Remember, transparency and communication are the enemies of rumors.
Responding to Nasty Employee Emails
Eventually, it will happen to you: you are the recipient of a nasty email from a disgruntled employee. The email could be the result of a disagreement, a performance evaluation, or a personality conflict. Whatever the reason, your reply sends a signal to the employee and others, because the employee, whether sanctioned or not, might discuss your response with other employees; either in person or through social media.
Do NOT immediately respond and hit the “send” button. This is the worst thing you can do. Wait and calm the defensive feelings.
Then analyze. Reread the email. Ignore offensive language and get to the heart of what is bothering the employee. Be objective and empathize. Call them. Ask to meet and discuss. And then listen. Don’t allow yourself to engage in an argument. Express your respect for their opinion and then reiterate yours.
Finally, convey that while they have a right to disagree, they must do so in a respectful and professional manner. At the end of the day, it is probably how you handle the confrontation, rather than the issue itself, that will have a profound impact on your culture.
Drugs in the Workplace
Employees who are using drugs is probably one of the most sensitive and difficult challenges you could face. Small businesses may be particularly disadvantaged, according to the federal Occupational Safety and Health Administration, at handling workplace substance abuse. They typically lack the means to develop workplace programs, which OSHA suggests should include training and education.

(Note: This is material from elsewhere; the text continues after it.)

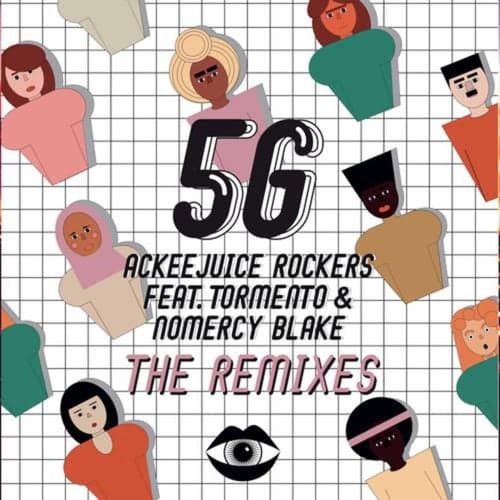 5G (The Remixes)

The severity of the issue for small companies in large part depends on the type of business, for example, safety-sensitive environments like manufacturing or transportation.
There are potential warning signs if you suspect that an employee is abusing drugs or alcohol such as:
- mood changes,
- poor performance,
- altered appearance such as grooming, weight gain or loss, slurred speech, and
- problems with relationships.
Be careful, because each of these can be explained by many other factors. If you see a pattern and believe you have reason for concern, contact someone, such as a doctor or drug counselor. It is best not to confront your employee but approach as a concerned colleague.
OSHA does offer a number of free resources through its website to help small businesses develop substance-abuse programs.
Managing an Employee with a Personal Crisis
Workplace issues involving a serious personal crisis – particularly the illness or death of a loved one – present a situation that requires a balance between your role as friend or comforter and your role as the boss.
While all of us want to be supportive, you do have to remember that there is a business to run.
There are some things you can do to navigate through the crisis. Distinguish between your role as manager and friend. Opening the door for frequent conversations and counseling could get out of control. Suggest professional counseling, particularly if this is covered by your company’s health insurance.
Think about the impact of their situation on productivity and how to adjust work schedules. Develop a plan that includes more flexible hours, telecommuting, etc. But be sure to include milestones and timelines that need to be met. This not only helps the company, but it relieves stress on the employee. They know that they can get their work done and still do personal care.
Finally, checking in with the employee on a consistent basis helps them to know that you care.